According to Norfund’s mandate, the company’s investments are intended to be additional, in that they provide access to capital and expertise to enterprises that would not otherwise have had such funding because of the high risk involved. Norfund’s investments are assessed through an extensive selection process that consists of checking against Norfund’s mandate, thorough evaluations and analysis of legal, financial, commercial and ESG-related aspects. The Investment Committee and/or the Board take the final decision regarding investment.

Efforts are made to diversify portfolio risk by achieving portfolio breadth in terms of countries, industries, business partners, instruments and investment times. Norfund exercises active ownership in the largest investments in its portfolio through representation on boards, investment committees and other governance bodies.

Norfund is exposed to several different types of risk, including liquidity risk, credit risk, currency risk, interest-rate risk and other market risk, including political risk. The financial risk management has been established to identify and analyse these risks, and to establish appropriate risk limits and risk controls. Norfund regularly reviews the established risk management guidelines and the system that has been established to ensure that changes in markets are reflected in the risk limits.

Responsibility for Norfund’s risk management and control is shared between Board and management.

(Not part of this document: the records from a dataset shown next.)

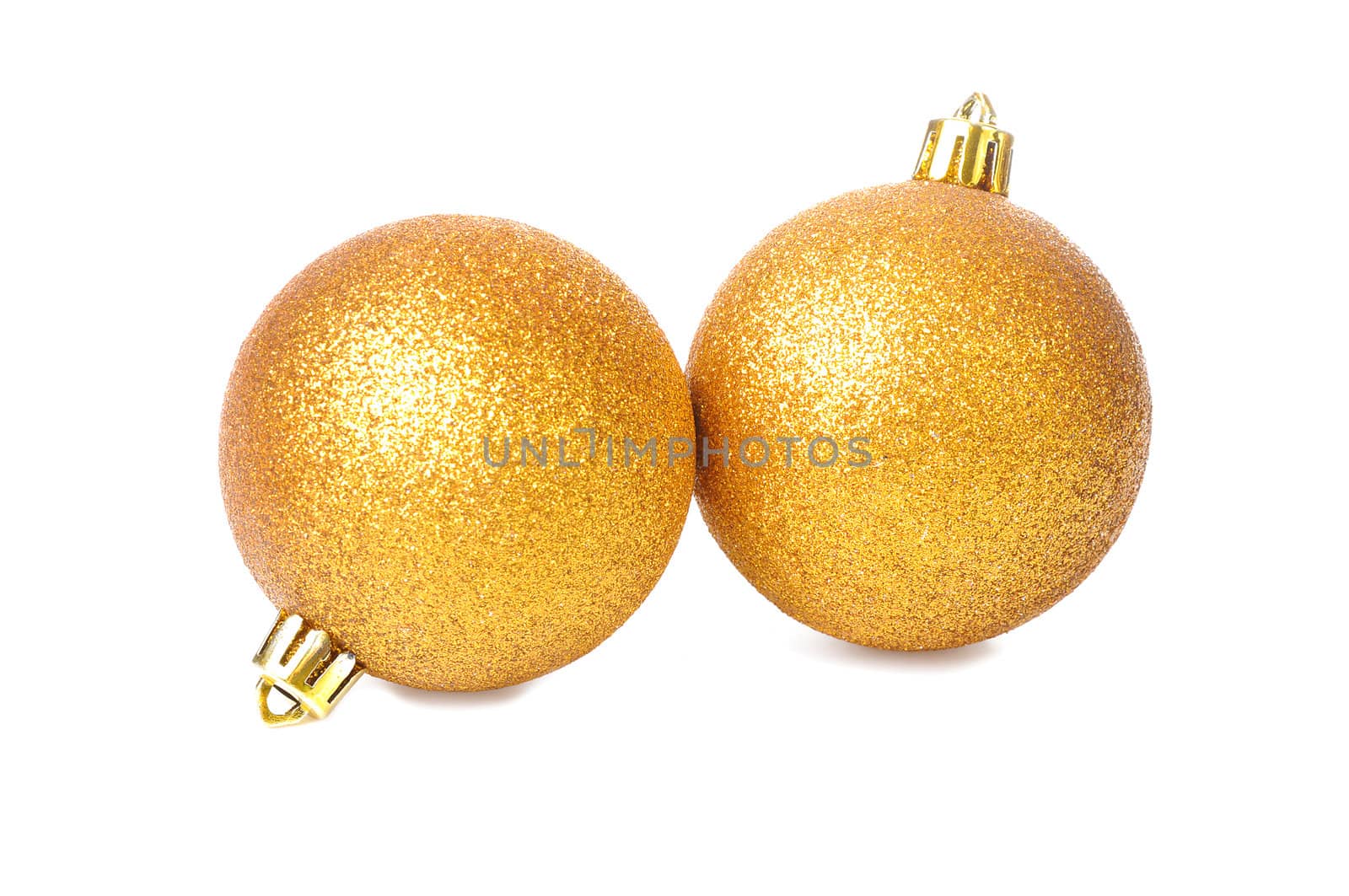 two golden yellow Christmas balls Isolated on white
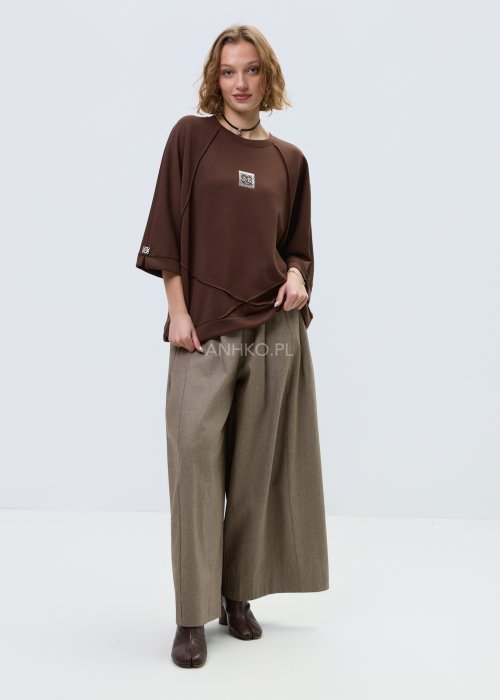 Brązowa damska bluza oversize z krótkim rękawem i zaokrąglonym dekoltem, model z ozdobną aplikacją na przodzie i dekoracyjnymi przeszyciami.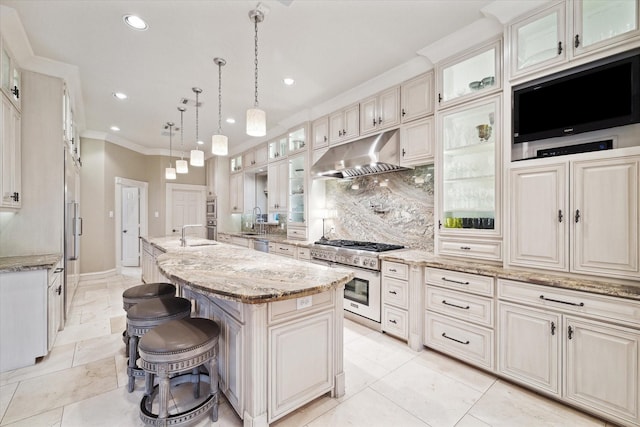 kitchen with decorative light fixtures, tasteful backsplash, a breakfast bar area, a kitchen island with sink, and light stone counters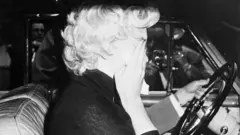 Imagem em preto e branco de Marilyn Monroe, sentada em um carro com as mãos cobrindo o rosto. Ao fundo, a mão de um homem está sobre o volante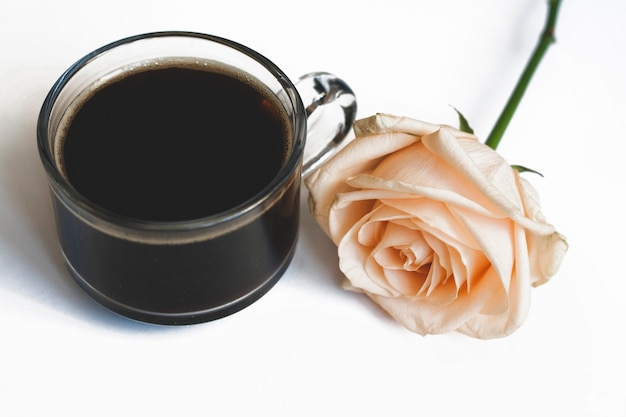 Caffè e una rosa gialla su sfondo bianco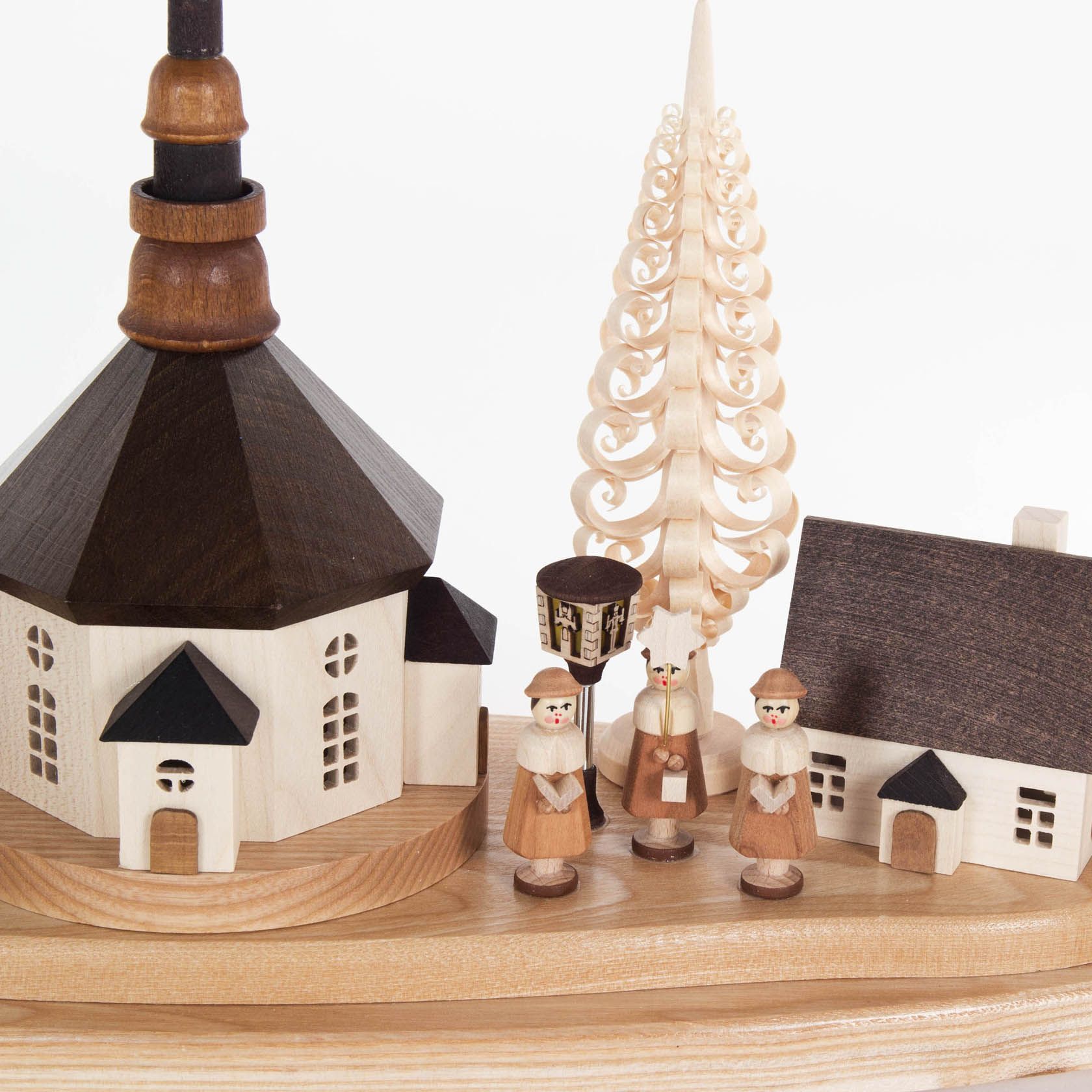 An intricate Schwibbogen showcasing a Seiffen village, with electrically lit buildings and lanterns. Three wooden figures in traditional attire stand in front.
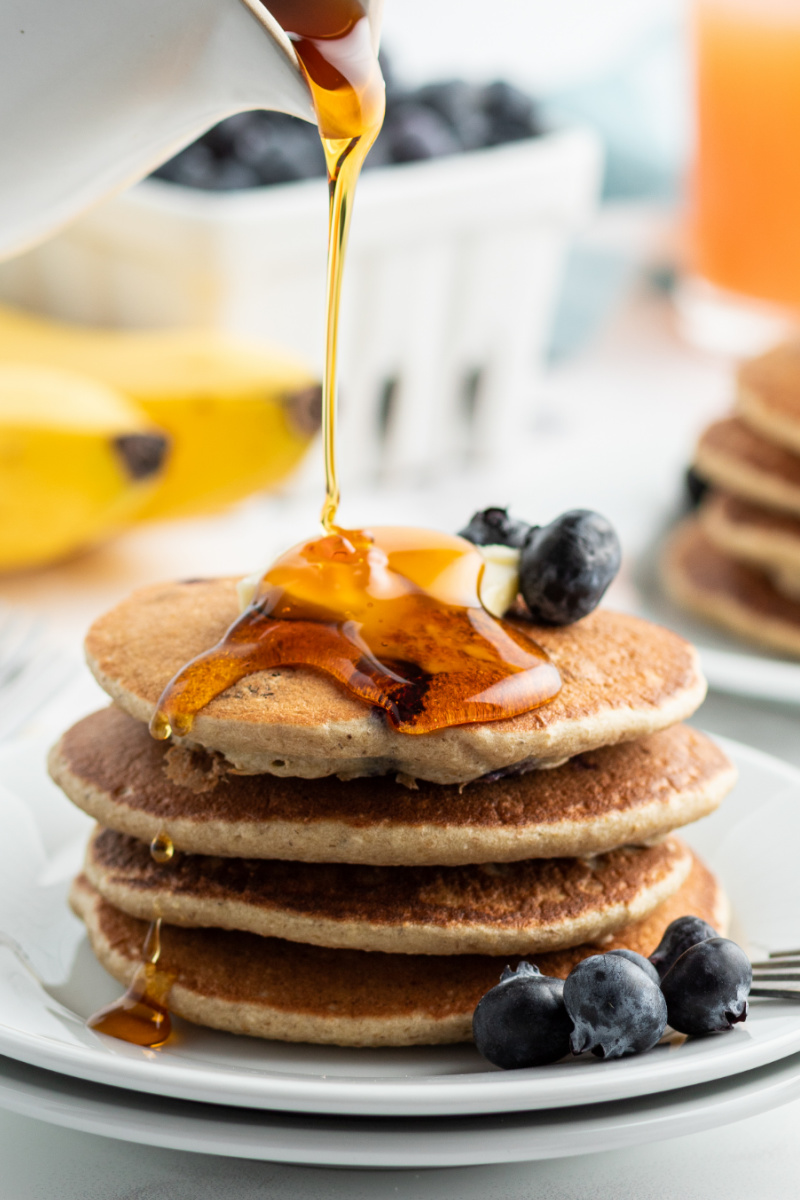 pouring syrup onto stack of blueberry pancakes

The Board has adopted Norfund’s zero tolerance policy, which is based on the risk Norfund is willing to take in order to deliver on its mandate. This includes country risk and political risk, and in 2021 developing a system for managing country risk has been a high priority task. Efforts to actively minimise risk are largely about how Norfund chooses its investment partners and how the investment process and other operational processes in the business are carried out. This concerns risk of corruption, for example, and if this is detected an immediate response is triggered. Minimising and managing risk associated with ESG and questions concerning the integrity of our business partners are based on best practice for development finance institutions (DFIs). Norfund’s approach to risk is summarised in a Risk Appetite Statement adopted by the Board and published on Norfund’s website.

Market risk

Norfund’s mandate is to invest in developing countries, which means investing in countries, markets and companies that are characterised by high risk. Future returns depend among other things on the ability to manage and mitigate risk in all phases of an investment.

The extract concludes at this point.